Content starts

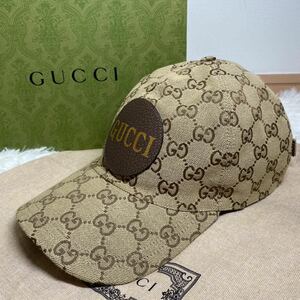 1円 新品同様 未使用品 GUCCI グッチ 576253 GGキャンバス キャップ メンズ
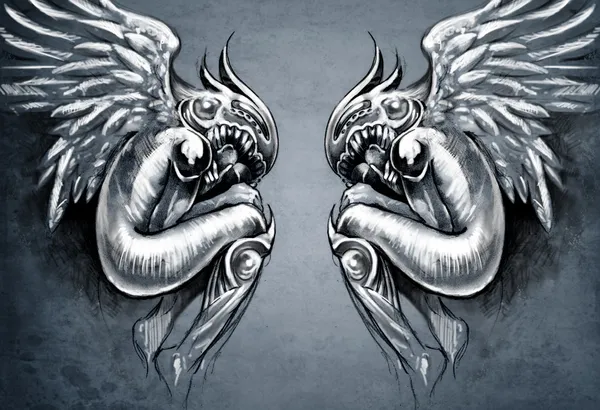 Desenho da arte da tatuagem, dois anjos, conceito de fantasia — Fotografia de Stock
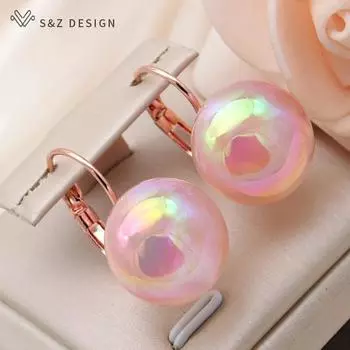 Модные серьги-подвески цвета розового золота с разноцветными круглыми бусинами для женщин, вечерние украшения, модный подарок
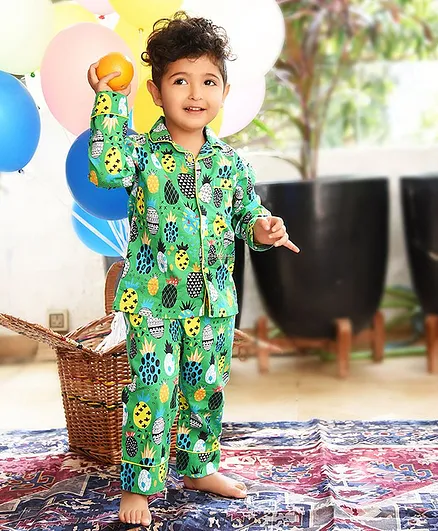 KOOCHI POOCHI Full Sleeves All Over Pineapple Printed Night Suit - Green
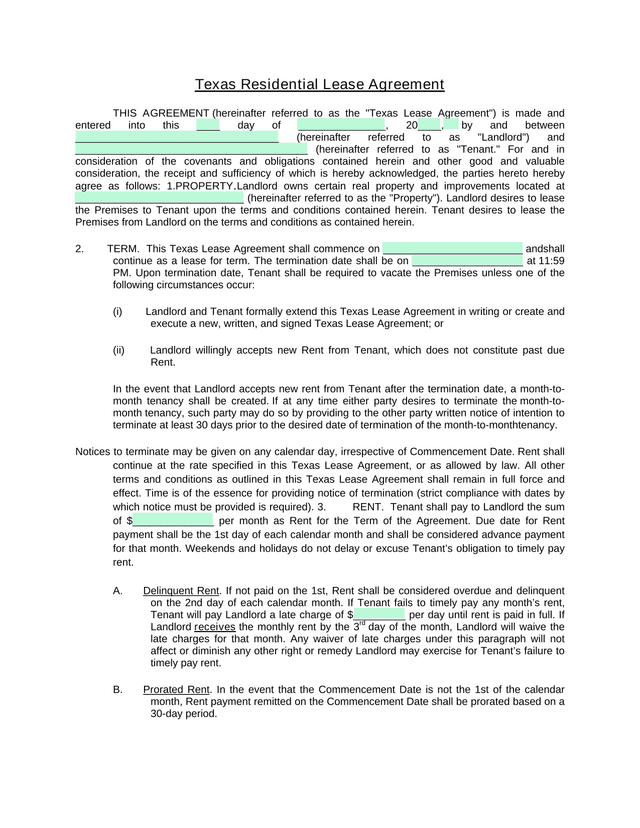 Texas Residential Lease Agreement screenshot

Content ends
Content starts

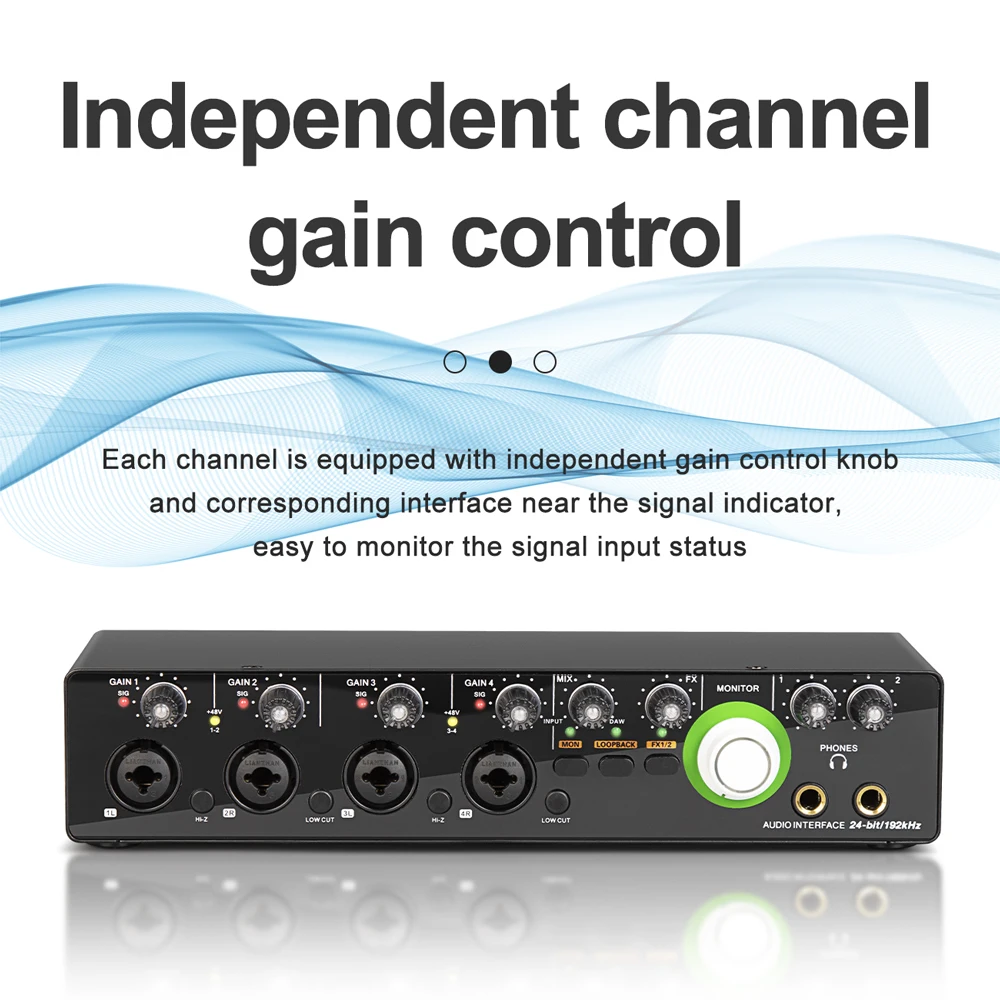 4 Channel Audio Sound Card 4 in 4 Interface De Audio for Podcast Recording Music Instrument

Content ends

> Exercise
Print the line above containing "KOOCHI POOCHI Full", the line containing "Texas Residential Lease Agreement screenshot", and everything between them, exactly as written. Pictures stay out.

> Output for this task
 KOOCHI POOCHI Full Sleeves All Over Pineapple Printed Night Suit - Green
 Texas Residential Lease Agreement screenshot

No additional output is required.